No More Room In Hell: A Tribute to George Romero at Stockport Plaza
Tom Grieve, Cinema EditorGrimm Up North pay tribute to the father of the modern zombie movie this Sunday with a marathon tribute to late American film director, George A. Romero. Starting at the beginning with 1968’s Night of the Living Dead, Stockport Plaza will play host to four films from Romero’s iconic Living Dead cycle — each justly celebrated for combining gore and suspense with sharply observed satire and social commentary.
Made for $114,000 and shot on black and white film to save money, Night of the Living Dead sees a group of strangers forced to fight for their lives when they find themselves trapped in a farmhouse in the middle of a zombie uprising. Filmed in the revolutionary year of 1968, Romero’s decision to cast black actor Duane Jones in the lead role added a layer of racial tension to proceedings and provided the film’s gut-punch of an ending with a lasting resonance.
Romero returned to his zombies a decade later with 1978’s Dawn of the Dead — which follows in Grimm’s marathon. Widely regarded as the director’s masterpiece, Dawn of the Dead, amps things up as it replaces the farmhouse with a shopping mall and adds numbers to its undead horde. The film exploits the public’s appetite for consumer products and on-screen violence for a satirical horror that packs a wallop.

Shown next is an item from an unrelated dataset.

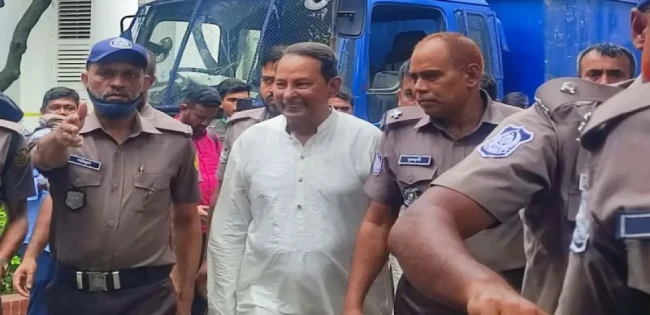 জাসদ নেতা ইনুর ১০ বছরের কারাদণ্ড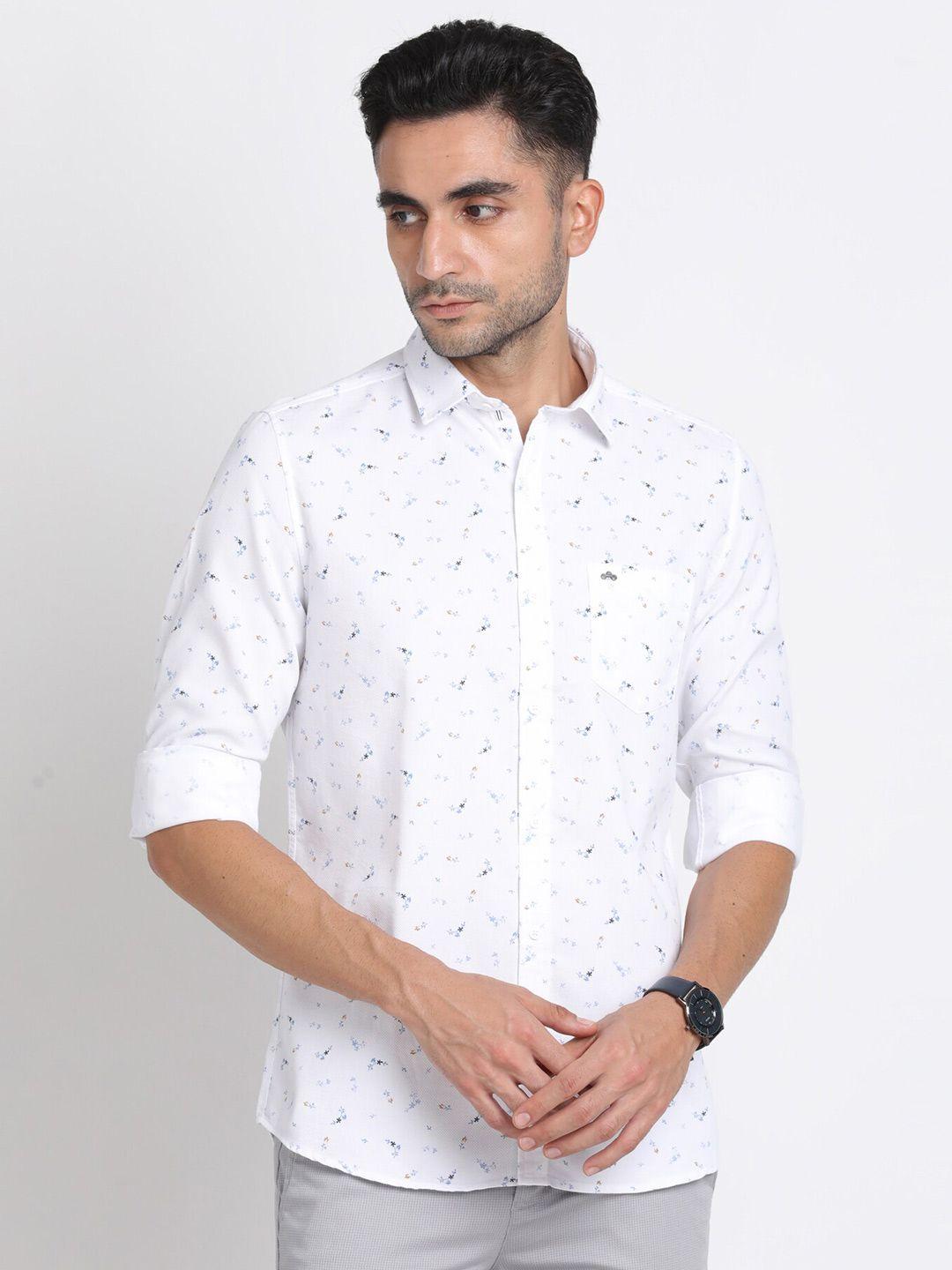 turtle relaxed regular fit opaque printed casual shirt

By the time of 1985’s underrated cult classic, Day of the Dead the undead outnumber the living by 400,000 to 1, and the remnants of humanity are trapped underground and starting to warring amongst themselves. Grimm close their marathon with Romero’s 2005 Land of the Dead, in which the by now veteran filmmaker uses his zombies to comment on global inequality, whilst maintaining all of the gore, thrills and dark humour that audiences had grown to expect.